##### Provided data

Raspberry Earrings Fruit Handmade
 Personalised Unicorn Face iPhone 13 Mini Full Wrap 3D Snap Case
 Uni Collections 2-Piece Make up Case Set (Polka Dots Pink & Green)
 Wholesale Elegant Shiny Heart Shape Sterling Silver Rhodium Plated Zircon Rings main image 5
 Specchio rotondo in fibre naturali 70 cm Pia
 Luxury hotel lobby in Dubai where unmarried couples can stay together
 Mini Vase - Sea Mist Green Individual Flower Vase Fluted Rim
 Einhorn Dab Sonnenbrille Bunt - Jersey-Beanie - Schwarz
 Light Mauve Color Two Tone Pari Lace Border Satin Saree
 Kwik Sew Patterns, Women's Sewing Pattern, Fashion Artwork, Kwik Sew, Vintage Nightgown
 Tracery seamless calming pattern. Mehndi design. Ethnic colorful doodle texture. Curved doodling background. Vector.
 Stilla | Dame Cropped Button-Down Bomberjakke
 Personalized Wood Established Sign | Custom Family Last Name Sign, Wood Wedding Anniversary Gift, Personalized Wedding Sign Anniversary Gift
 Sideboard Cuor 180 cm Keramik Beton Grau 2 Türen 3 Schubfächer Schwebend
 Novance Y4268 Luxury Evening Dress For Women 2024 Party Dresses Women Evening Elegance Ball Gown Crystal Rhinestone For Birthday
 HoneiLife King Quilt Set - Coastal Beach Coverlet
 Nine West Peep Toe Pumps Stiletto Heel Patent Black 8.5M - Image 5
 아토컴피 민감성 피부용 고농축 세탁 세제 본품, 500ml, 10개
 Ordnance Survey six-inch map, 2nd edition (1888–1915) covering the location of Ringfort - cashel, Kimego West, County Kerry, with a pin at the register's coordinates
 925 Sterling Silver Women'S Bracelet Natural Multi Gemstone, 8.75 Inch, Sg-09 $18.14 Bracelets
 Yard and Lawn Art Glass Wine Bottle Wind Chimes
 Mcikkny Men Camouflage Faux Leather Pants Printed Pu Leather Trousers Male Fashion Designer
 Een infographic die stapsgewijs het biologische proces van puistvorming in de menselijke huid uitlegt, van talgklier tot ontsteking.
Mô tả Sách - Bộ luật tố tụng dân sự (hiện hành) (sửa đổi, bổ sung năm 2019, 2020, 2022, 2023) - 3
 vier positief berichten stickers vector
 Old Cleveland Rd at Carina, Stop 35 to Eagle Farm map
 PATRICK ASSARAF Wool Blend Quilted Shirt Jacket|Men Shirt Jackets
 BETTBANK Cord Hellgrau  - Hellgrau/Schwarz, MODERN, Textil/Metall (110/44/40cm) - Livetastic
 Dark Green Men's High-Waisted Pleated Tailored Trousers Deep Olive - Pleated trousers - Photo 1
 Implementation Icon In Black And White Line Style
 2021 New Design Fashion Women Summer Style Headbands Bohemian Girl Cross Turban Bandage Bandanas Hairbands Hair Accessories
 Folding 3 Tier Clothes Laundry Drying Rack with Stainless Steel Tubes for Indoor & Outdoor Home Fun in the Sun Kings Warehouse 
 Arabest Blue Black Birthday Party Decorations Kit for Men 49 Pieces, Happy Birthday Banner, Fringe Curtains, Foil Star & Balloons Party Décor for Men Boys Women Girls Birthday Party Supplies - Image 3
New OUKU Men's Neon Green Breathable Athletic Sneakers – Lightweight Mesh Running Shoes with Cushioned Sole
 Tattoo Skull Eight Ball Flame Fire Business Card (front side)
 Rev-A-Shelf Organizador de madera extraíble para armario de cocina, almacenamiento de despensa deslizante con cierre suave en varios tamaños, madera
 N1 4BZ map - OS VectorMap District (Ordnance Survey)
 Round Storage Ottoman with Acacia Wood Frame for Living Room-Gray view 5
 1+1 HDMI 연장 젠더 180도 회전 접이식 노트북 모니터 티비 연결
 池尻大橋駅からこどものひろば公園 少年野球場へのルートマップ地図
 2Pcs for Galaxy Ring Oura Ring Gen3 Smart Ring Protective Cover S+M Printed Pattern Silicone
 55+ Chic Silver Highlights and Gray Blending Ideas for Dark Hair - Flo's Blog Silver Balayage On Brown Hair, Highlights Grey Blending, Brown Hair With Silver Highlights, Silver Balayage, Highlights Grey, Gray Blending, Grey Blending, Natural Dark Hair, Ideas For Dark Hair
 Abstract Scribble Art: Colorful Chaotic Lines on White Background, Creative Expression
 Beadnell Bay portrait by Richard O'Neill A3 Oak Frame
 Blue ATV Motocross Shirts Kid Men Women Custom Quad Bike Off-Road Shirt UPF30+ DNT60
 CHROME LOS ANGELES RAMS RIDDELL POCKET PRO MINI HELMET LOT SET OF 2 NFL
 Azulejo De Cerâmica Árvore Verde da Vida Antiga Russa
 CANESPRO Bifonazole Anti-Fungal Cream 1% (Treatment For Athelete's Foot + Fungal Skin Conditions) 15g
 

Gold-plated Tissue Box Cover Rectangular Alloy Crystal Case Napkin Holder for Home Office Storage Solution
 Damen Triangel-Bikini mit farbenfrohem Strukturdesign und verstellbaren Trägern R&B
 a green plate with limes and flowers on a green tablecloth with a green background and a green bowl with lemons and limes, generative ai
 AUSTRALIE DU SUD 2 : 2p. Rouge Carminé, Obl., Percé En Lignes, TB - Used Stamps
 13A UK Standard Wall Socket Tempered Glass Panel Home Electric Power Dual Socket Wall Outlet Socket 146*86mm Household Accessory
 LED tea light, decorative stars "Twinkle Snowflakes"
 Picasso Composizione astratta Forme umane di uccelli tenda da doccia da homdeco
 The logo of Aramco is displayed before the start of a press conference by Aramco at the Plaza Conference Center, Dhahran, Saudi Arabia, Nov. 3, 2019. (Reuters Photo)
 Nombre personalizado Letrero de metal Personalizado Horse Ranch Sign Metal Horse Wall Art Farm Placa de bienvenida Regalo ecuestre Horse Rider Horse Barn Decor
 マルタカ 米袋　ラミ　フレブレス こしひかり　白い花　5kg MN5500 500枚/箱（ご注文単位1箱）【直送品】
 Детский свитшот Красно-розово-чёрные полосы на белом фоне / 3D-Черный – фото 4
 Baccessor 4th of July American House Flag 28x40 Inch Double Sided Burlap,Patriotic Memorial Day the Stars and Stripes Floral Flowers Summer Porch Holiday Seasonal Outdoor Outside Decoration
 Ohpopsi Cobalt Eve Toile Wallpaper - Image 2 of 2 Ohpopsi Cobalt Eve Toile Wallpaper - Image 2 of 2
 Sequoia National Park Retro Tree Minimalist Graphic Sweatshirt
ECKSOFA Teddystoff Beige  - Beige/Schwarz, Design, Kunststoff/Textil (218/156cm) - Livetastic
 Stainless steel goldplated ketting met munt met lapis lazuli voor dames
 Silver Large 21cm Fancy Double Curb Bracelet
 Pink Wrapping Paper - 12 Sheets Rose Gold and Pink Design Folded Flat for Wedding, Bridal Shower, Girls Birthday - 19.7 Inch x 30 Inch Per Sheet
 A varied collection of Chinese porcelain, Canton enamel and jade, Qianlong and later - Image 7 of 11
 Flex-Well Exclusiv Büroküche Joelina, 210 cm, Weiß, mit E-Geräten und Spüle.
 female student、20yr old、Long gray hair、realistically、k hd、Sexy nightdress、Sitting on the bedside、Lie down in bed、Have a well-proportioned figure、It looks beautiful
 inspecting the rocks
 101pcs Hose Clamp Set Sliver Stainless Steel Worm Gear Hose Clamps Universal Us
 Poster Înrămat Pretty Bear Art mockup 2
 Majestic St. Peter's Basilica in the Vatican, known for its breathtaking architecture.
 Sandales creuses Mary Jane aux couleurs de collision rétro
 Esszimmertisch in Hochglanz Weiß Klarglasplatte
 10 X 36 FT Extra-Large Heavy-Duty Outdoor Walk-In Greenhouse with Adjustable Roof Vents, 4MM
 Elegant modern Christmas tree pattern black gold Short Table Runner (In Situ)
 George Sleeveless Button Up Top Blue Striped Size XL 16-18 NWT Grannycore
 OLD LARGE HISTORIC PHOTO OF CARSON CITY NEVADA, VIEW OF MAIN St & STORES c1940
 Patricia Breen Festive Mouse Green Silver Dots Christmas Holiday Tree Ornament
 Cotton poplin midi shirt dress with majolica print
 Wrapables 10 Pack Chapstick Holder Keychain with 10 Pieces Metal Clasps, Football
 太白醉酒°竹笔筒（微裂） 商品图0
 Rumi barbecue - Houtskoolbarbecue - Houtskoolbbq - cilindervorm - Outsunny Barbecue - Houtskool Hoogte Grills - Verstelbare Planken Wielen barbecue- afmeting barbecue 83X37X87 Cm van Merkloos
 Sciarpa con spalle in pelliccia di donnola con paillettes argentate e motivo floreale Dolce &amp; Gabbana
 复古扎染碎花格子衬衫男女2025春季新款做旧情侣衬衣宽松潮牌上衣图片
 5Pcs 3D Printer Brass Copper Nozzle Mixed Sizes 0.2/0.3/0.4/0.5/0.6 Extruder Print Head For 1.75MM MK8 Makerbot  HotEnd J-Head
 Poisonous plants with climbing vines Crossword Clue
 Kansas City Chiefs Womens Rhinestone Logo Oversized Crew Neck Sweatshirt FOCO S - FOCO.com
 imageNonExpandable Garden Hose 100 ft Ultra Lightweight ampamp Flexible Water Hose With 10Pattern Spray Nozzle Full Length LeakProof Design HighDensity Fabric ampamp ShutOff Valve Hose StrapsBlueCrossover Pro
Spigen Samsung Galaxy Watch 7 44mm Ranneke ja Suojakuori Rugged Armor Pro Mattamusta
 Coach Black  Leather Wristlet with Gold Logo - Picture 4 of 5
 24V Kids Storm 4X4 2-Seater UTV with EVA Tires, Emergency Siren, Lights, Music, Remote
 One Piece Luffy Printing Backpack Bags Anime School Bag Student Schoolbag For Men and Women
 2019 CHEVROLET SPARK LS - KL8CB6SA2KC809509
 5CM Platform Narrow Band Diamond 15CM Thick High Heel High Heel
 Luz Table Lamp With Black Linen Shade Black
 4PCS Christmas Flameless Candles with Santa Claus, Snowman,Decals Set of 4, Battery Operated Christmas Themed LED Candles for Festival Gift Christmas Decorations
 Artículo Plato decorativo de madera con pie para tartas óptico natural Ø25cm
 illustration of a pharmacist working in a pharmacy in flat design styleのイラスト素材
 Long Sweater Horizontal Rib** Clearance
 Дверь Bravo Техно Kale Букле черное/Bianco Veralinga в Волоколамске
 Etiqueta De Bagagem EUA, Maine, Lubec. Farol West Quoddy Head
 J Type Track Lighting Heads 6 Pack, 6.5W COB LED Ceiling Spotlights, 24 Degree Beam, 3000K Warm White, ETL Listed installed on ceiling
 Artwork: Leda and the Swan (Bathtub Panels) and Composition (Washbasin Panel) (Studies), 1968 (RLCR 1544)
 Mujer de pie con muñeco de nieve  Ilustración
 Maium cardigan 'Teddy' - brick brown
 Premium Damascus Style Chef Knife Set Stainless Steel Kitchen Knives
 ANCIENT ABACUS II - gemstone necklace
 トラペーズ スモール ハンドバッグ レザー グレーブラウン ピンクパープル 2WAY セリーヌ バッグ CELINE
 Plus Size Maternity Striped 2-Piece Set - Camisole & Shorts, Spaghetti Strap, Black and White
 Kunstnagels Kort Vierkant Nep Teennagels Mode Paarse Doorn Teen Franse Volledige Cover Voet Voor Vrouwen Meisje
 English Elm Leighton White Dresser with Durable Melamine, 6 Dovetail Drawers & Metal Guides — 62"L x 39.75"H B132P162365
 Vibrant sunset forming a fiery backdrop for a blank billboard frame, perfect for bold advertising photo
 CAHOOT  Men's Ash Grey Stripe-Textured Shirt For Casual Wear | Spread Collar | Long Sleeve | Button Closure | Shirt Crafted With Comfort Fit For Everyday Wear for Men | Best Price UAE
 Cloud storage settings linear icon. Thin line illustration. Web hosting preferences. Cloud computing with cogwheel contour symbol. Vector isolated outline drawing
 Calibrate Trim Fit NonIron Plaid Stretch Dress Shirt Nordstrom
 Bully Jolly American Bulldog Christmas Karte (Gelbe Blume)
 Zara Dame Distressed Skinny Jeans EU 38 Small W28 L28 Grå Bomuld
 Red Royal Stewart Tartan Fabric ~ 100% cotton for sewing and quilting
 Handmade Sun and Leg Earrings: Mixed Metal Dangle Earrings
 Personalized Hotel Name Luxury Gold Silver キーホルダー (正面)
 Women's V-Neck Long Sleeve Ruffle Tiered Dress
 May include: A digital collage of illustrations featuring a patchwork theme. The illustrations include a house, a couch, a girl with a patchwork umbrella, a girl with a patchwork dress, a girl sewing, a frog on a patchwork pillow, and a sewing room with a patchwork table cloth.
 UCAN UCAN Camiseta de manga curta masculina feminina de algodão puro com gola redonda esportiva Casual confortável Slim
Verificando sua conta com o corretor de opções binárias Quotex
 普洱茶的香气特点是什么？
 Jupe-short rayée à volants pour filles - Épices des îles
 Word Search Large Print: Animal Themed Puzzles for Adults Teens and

##########

■ Description of the task
In the listing above, find the line with "マルタカ 米袋　ラミ　フレブレス こしひかり　白い花　5kg" and the line with "Rumi barbecue - Houtskoolbarbecue"; set down exactly those two lines and every line between them, nothing more.

■ Exercise solution
 マルタカ 米袋　ラミ　フレブレス こしひかり　白い花　5kg MN5500 500枚/箱（ご注文単位1箱）【直送品】
 Детский свитшот Красно-розово-чёрные полосы на белом фоне / 3D-Черный – фото 4
 Baccessor 4th of July American House Flag 28x40 Inch Double Sided Burlap,Patriotic Memorial Day the Stars and Stripes Floral Flowers Summer Porch Holiday Seasonal Outdoor Outside Decoration
 Ohpopsi Cobalt Eve Toile Wallpaper - Image 2 of 2 Ohpopsi Cobalt Eve Toile Wallpaper - Image 2 of 2
 Sequoia National Park Retro Tree Minimalist Graphic Sweatshirt
ECKSOFA Teddystoff Beige  - Beige/Schwarz, Design, Kunststoff/Textil (218/156cm) - Livetastic
 Stainless steel goldplated ketting met munt met lapis lazuli voor dames
 Silver Large 21cm Fancy Double Curb Bracelet
 Pink Wrapping Paper - 12 Sheets Rose Gold and Pink Design Folded Flat for Wedding, Bridal Shower, Girls Birthday - 19.7 Inch x 30 Inch Per Sheet
 A varied collection of Chinese porcelain, Canton enamel and jade, Qianlong and later - Image 7 of 11
 Flex-Well Exclusiv Büroküche Joelina, 210 cm, Weiß, mit E-Geräten und Spüle.
 female student、20yr old、Long gray hair、realistically、k hd、Sexy nightdress、Sitting on the bedside、Lie down in bed、Have a well-proportioned figure、It looks beautiful
 inspecting the rocks
 101pcs Hose Clamp Set Sliver Stainless Steel Worm Gear Hose Clamps Universal Us
 Poster Înrămat Pretty Bear Art mockup 2
 Majestic St. Peter's Basilica in the Vatican, known for its breathtaking architecture.
 Sandales creuses Mary Jane aux couleurs de collision rétro
 Esszimmertisch in Hochglanz Weiß Klarglasplatte
 10 X 36 FT Extra-Large Heavy-Duty Outdoor Walk-In Greenhouse with Adjustable Roof Vents, 4MM
 Elegant modern Christmas tree pattern black gold Short Table Runner (In Situ)
 George Sleeveless Button Up Top Blue Striped Size XL 16-18 NWT Grannycore
 OLD LARGE HISTORIC PHOTO OF CARSON CITY NEVADA, VIEW OF MAIN St & STORES c1940
 Patricia Breen Festive Mouse Green Silver Dots Christmas Holiday Tree Ornament
 Cotton poplin midi shirt dress with majolica print
 Wrapables 10 Pack Chapstick Holder Keychain with 10 Pieces Metal Clasps, Football
 太白醉酒°竹笔筒（微裂） 商品图0
 Rumi barbecue - Houtskoolbarbecue - Houtskoolbbq - cilindervorm - Outsunny Barbecue - Houtskool Hoogte Grills - Verstelbare Planken Wielen barbecue- afmeting barbecue 83X37X87 Cm van Merkloos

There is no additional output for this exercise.